SPECT displays high sensitivity compared to other imaging techniques. However, the spatial resolution of SPECT is low (on the order of several millimeters). On the contrary, MRI offers high spatial resolution (below 1 millimeter) but offers a low sensitivity. Therefore, each technique compensates the limitation of the other and, by combining both techniques in one machine, imaging performances can be greatly enhanced. Multimodal imaging techniques combining SPECT and MRI can be found in clinics, but one remaining challenge is to develop imaging probes or contrast agents that can be detected by both techniques.
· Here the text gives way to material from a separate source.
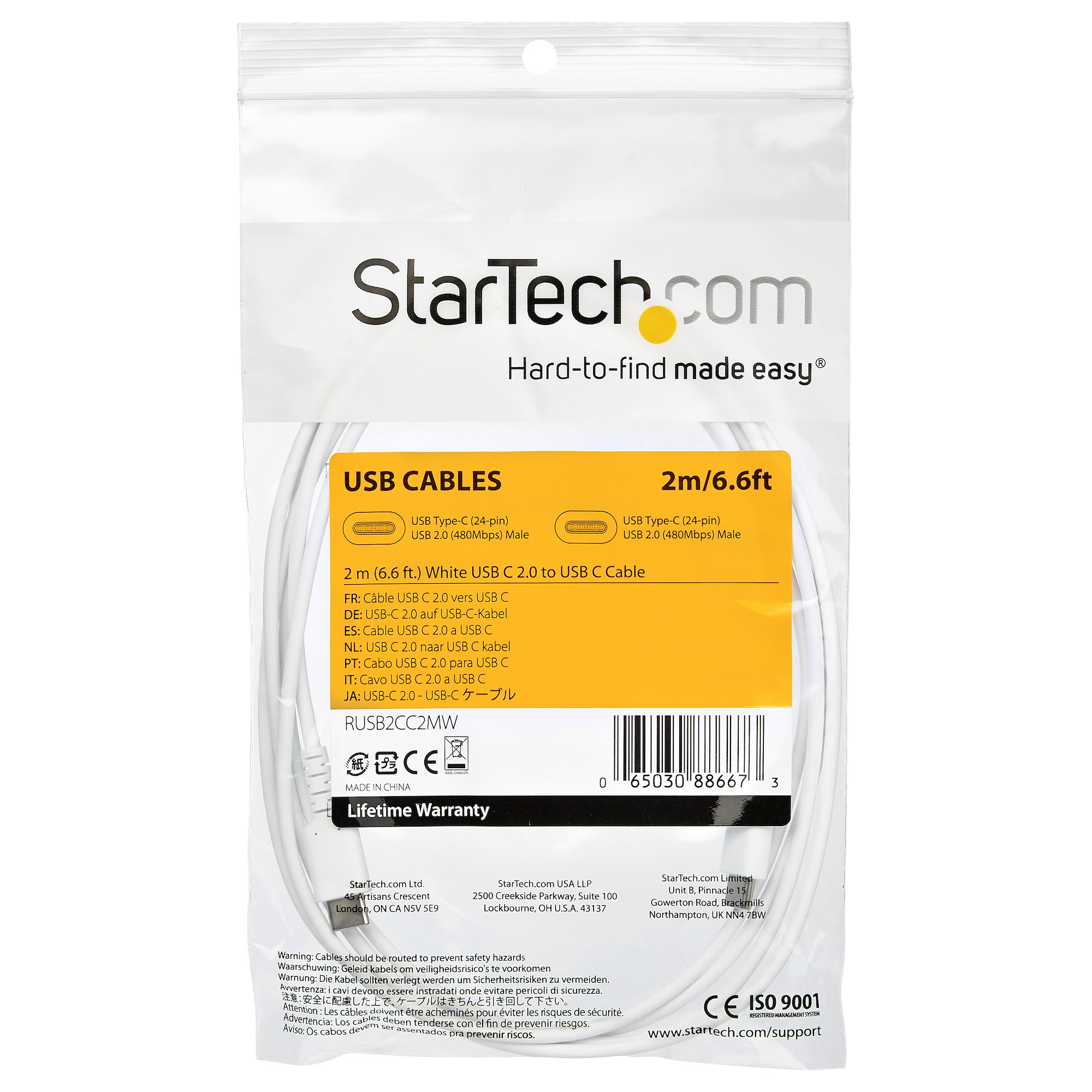 Câble USB StarTech.com, USB C vers USB C, 2m, Noir Code commande RS:  256-6993 Référence fabricant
In our study, we developed dual imaging multi-walled nanotube contrast agents, achieved by decorating them with superparamagnetic iron oxide nanoparticles (abbreviated SPION) and also conjugating them with radiolabeled agents. SPION can be detected using MRI, whereas radio-labeled agents can be detected by SPECT.
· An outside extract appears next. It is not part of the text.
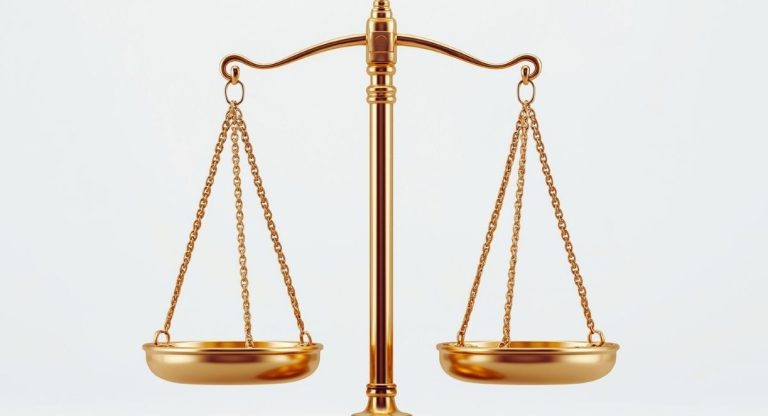 Balance doree symbolisant l'equilibre entre deux plateaux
To prepare the nanotubes, we oxidized them in the presence of nitric acid (HNO3), leading to the formation of carboxylic groups onto the tip and sidewall of the nanotubes. Iron acetate (C4H6Fe04), a precursor for the formation of the SPION, was decomposed by thermal annealing. The metal ions interacted strongly with the surface groups present on the nanotubes, leading to the formation of the SPION nanoparticles. Then, to link radionuclides to the surface of the nanotubes, we used a chemical compound called biphosphonate, which displays a strong binding affinity to the surface of SPION. The biphosphonate-SPION hybrid was also functionalized with a linker that binds the radioisotope technetium-99m. Thus, the first carbon nanotubes for dual SPECT and MRI imaging were prepared.
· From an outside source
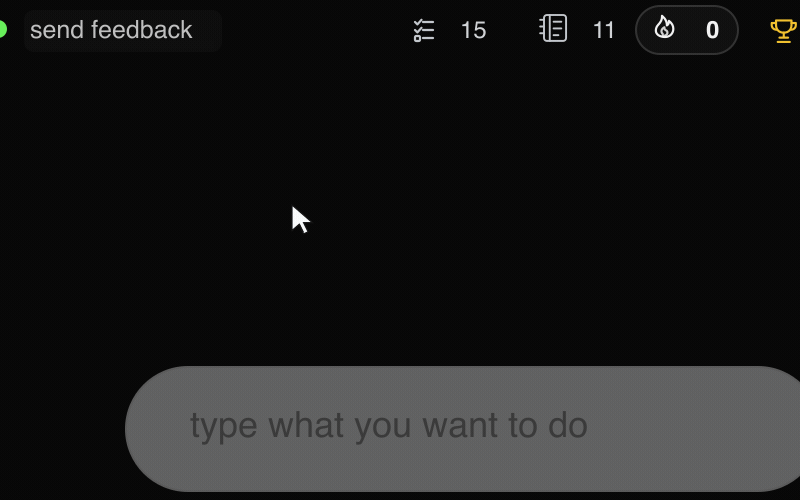 Send feedback button opening a quick feedback popover.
To establish the stability of the hybrid after intravenous injection, we compared the biodistribution of radiolabeled functionalized bisphosphonate alone and the radio-labeled nanotubes. Whereas the former accumulated quickly in bones, as bisphosphonate molecules have high affinity for bone tissues, radio-labeled nanotubes showed an accumulation in the lungs and some in the liver and spleen, but not in the bones. Therefore these results demonstrated the stable binding of the radionuclide to the nanotubes.
Our team also measured the MRI contrast properties of the complex in the liver. By increasing the concentration of the hybrid, we observed a higher MRI effect, which supported dose-dependent imaging properties of the hybrids. In consequence, we established the dual imaging properties of the nanotube complex in vivo, offering promising applications for the development of carbon nanotubes as theranostic agents.
This work shows that the attractive features of carbon nanotubes allow various therapy and imaging applications. However, before bringing them to patients, their efficacy and safety will need to be further investigated. Modifying nanotubes to make them biocompatible is also a research focus in our lab. We hope that patients will one day take profit from this tremendous therapeutic and imaging platform.